Highly reliable sources report that the Antonov hovered over Shegeg Karo for a while before finally dropping its bomb load. There could have been no mistaking the civilian nature of the target.

This is hardly surprising. We have countless reports of similar bombing attacks in Darfur as well as during Sudan's earlier north/south conflict. Indeed, in southern Sudan, Khartoum repeatedly and deliberately attacked the sites of humanitarian operations.

This bombing attack, on a conspicuously civilian target, violates not only international law but a ban on all military flights in Darfur, nominally imposed by UN Security Council Resolution 1591 in March 2005. Khartoum has shown nothing but contempt for both, and the international community has watched with nothing but idle words and unctuous hand-wringing – a fact not lost on the regime's génocidaires as they calculate the costs of their continuing campaign of civilian destruction.

Who are the victims of this international cowardice? Who suffers when the world refuses to demand justice of those who would deliberately kill children? Let's at least grant the dignity of names to the victims of this most recent barbarism:

Fatima Suleiman Adam Omar, 3rd grade, 10 years old

Fatima Ahmad Bashir, 2nd grade, 8 years old

Mubarak Mohammed Ahmad, 3rd grade, 10 years old

Yusuf Adam Hamid, kindergarten, 5 years old

•Munira Suleiman Adam, 2nd grade, 7 years old

Adam Ahmad Yusuf, 4th grade, 11 years old

How would Americans respond if terrorists acting on behalf of another country deliberately killed, with complete military impunity, six young children at one of our village markets? Outrage would bring the country to a halt. It would change the very nature of the presidential campaign. News coverage would be unending. Washington's response against the offending nation would be swift and destructive.

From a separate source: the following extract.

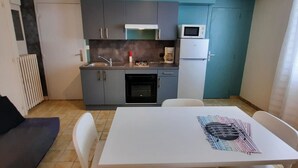 A compact kitchen with a sink, stove, microwave, and refrigerator. There is a dining table with chairs and a black couch in the adjacent living area.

And yet in Darfur, an act all too analogous barely registers here. Darfur's victims are people whose lives have long since endured a ghastly moral discounting. These are not "our children," these are not "our problems," this is not "our responsibility."

The whole world should respond vigorously to a nation that barbarously bombs kindergartners such as Yusuf Adam Hamid. Instead, we lamely bow in deference to Sudan's "national sovereignty." Do we have the courage to accept the stark implications of our refusal to hold accountable those responsible for his death? The answer is painfully, disgracefully obvious.

[Editor's note: The original version relied on a report that has been corrected. The new report says the bombing was of a village market and occurred earlier than 4 p.m.]

Eric Reeves, a professor of English language and literature at Smith College, is the author of "A Long Day's Dying: Critical Moments in the Darfur Genocide."